This is the second part of https://jrfilocao.medium.com/kubernetes-probes-do-not-make-this-mistake-0f5302f2ff8b.
In the past article, we learned about best practices for readiness and liveness probes. Additionally, we reviewed a case study where the following misconfigured liveness probe led to cascading failures in production:
Let's now reproduce the error on your local machine. Afterwards, we simulate and test a solution.
Reproducing the error
We need to simulate a scenario where the liveness and readiness probes encounter failures. To achieve this, we create a server with a health check endpoint. When called by the probes, this endpoint will intentionally respond with an error, replicating the failure conditions.
Step by Step
1) Clone the repository with files for simulating a server and configuring Kubernetes:
git clone https://github.com/jrfilocao/medium-kubernetes.git
2) Install docker
3) Install kubectl:
- linux: https://kubernetes.io/docs/tasks/tools/install-kubectl-linux/
- macos: https://kubernetes.io/docs/tasks/tools/install-kubectl-macos/
4) Install minikube and start it with docker as a driver:
minikube start --driver=docker
5) Check everything is all right on minikube:
minikube status
6) Point your shell to minikube’s docker-daemon, to fetch the local image of the simulation server
eval $(minikube -p minikube docker-env)
7) Ensure you are in the same directory as the cloned repository. Build the image for the simulation server, which is based on the code in https://kubernetes.io/docs/tasks/configure-pod-container/configure-liveness-readiness-startup-probes/:
docker build -t go-server .
The endpoint /healthz alternates its response every 60 seconds between HTTP 200 and HTTP 500 status codes. Probing this endpoint will simulate a heavy load on the server, resulting in its unavailability for 60 seconds after being available for 60 seconds.

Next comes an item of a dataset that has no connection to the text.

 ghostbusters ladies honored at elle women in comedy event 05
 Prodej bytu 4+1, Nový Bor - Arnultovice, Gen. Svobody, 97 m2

8) Apply the Kubernetes configuration with the erroneous liveness:
kubectl apply -f readiness-liveness-failing.yaml
9) Check how the pod is going:
kubectl get pods -A
10) You should see many restarts:
11) To track what is happening under /healthz:
kubectl port-forward [name of your pod] 8080
/healthz shows the current HTTP status, /started shows the current second counter. Once the counter reaches 60, it will reset back to zero.
watch -n 2 curl -v 127.0.0.1:8080/healthz
watch -n 2 curl -v 127.0.0.1:8080/started
Solving the issue
1) Delete the current Kubernetes configuration:
kubectl delete -f readiness-liveness-failing.yaml
2) Apply the configuration which fixes the issue:
kubectl apply -f readiness-liveness-solution.yaml
This configuration only inverts the periodSeconds and failureThreshold between readiness and liveness. After being unavailable for 30 seconds, the pod is marked as not ready and no longer receives traffic. Only after 30*10 seconds (5 minutes) would the liveness probe fail and restart the container.
This configuration also sets the replicaset to two so that the remaining pod can serve the request if one pod is unavailable due to a failing readiness problem.
3) You should not see any restarts. One of the pods becomes temporarily not ready:
Then, after /healthz starts responding HTTP 200, the pod turns ready again on the next successful readiness probe.